How many moles do you have in 25.0 g NBr3? That is 25.0/molar mass = ?
How many molecules in that number of moles? Remember there are 6.02E23 molecules in a mole of anything Then multiply that by 3 since there are 3 atoms Br in each molecule of NBr3.
To calculate the number of molecules of NBr3 in 25.0 g of NBr3, you will need to follow these steps:
1. Determine the molar mass of NBr3.
- N has an atomic mass of 14.01 g/mol.
- Br has an atomic mass of 79.90 g/mol.
Therefore, the molar mass of NBr3 is:
(1 x 14.01 g/mol) + (3 x 79.90 g/mol) = 253.71 g/mol
2. Use the molar mass to convert grams of NBr3 to moles of NBr3.
Number of moles = Mass of substance (g) / Molar mass (g/mol)
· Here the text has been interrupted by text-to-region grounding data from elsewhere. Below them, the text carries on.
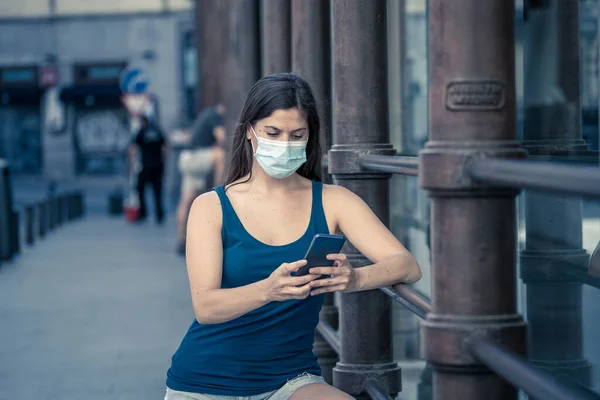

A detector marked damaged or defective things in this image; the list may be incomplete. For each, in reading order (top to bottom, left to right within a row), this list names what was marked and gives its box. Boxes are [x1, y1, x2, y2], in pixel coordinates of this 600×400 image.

rusty metal column [262, 0, 292, 75]
rusty metal column [292, 0, 332, 173]
rusty metal column [294, 0, 340, 384]
rusty metal column [328, 1, 398, 398]
rusty metal column [420, 0, 528, 400]
rusty metal column [520, 0, 592, 388]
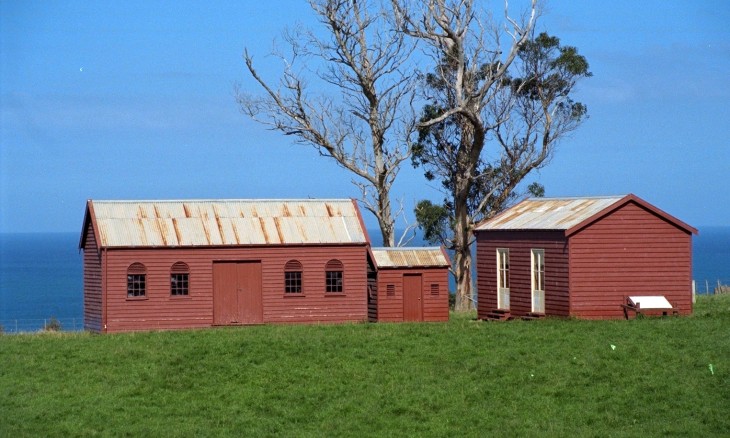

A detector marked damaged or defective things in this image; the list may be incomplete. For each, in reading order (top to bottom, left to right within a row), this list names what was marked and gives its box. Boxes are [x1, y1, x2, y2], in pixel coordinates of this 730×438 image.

rusty metal roof [86, 200, 366, 248]
rusty corrugated sheet [89, 200, 366, 248]
rusty metal roof [472, 196, 624, 231]
rusty corrugated sheet [474, 196, 624, 231]
rusty metal roof [370, 248, 450, 268]
rusty corrugated sheet [370, 248, 450, 268]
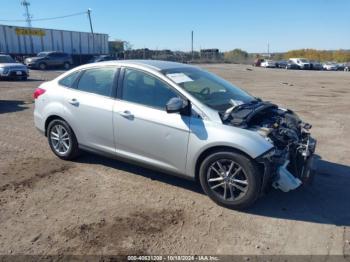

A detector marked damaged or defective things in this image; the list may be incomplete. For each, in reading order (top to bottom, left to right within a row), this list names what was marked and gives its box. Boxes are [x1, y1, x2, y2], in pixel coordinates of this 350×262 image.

damaged car [33, 60, 318, 210]
car front end damage [221, 99, 318, 193]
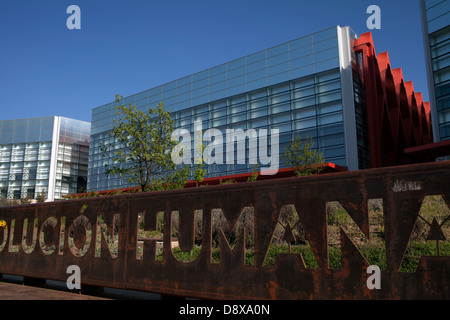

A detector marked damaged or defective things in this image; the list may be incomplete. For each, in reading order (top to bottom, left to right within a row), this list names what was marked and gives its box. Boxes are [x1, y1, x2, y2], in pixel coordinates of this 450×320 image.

rusted metal sign [0, 162, 448, 300]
Number of moles = 25.0 g / 253.71 g/mol = 0.0985 mol
3. Use Avogadro's number to convert moles of NBr3 to molecules of NBr3.
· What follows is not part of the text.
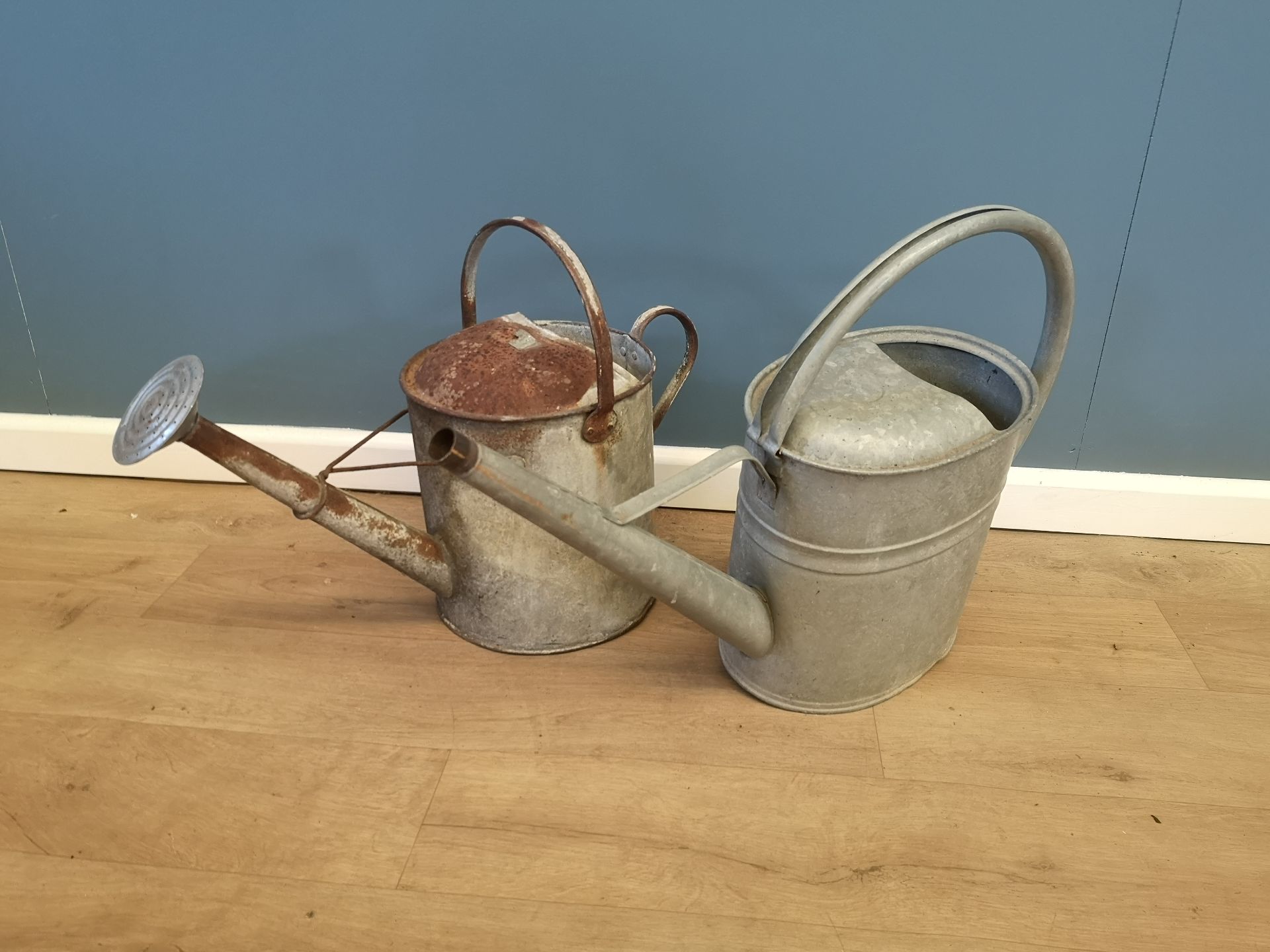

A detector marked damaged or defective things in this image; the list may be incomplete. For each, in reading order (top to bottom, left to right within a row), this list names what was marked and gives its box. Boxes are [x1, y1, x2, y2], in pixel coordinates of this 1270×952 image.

rusty watering can [112, 218, 693, 656]
rusty watering can [426, 210, 1069, 714]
1 mole of any substance contains 6.022 × 10^23 molecules.
Number of molecules = Number of moles × (6.022 × 10^23 molecules/mol)
Number of molecules = 0.0985 mol × (6.022 × 10^23 molecules/mol) = 5.928 × 10^22 molecules
Therefore, there are approximately 5.928 × 10^22 molecules of NBr3 in 25.0 g of NBr3.
To calculate the number of molecules of NBr3 in 25.0 g of NBr3, we need to follow a few steps:
1. Determine the molar mass of NBr3:
- N: atomic mass = 14.01 g/mol
- Br: atomic mass = 79.90 g/mol
- NBr3 has one nitrogen atom and three bromine atoms, so the molar mass of NBr3 is:
(1 * N) + (3 * Br) = (1 * 14.01 g/mol) + (3 * 79.90 g/mol) = 252.71 g/mol
2. Calculate the number of moles of NBr3 using the given mass and molar mass:
- Moles = Mass / Molar mass
- Moles = 25.0 g / 252.71 g/mol
- Moles ≈ 0.099 mol (rounded to three significant figures)
3. Finally, calculate the number of molecules using Avogadro's number:
- Avogadro's number (NA) = 6.022 × 10^23 molecules/mol
- Number of molecules = Moles * NA
= 0.099 mol * (6.022 × 10^23 molecules/mol)
≈ 5.95 × 10^22 molecules
Therefore, there are approximately 5.95 × 10^22 molecules of NBr3 in 25.0 g NBr3.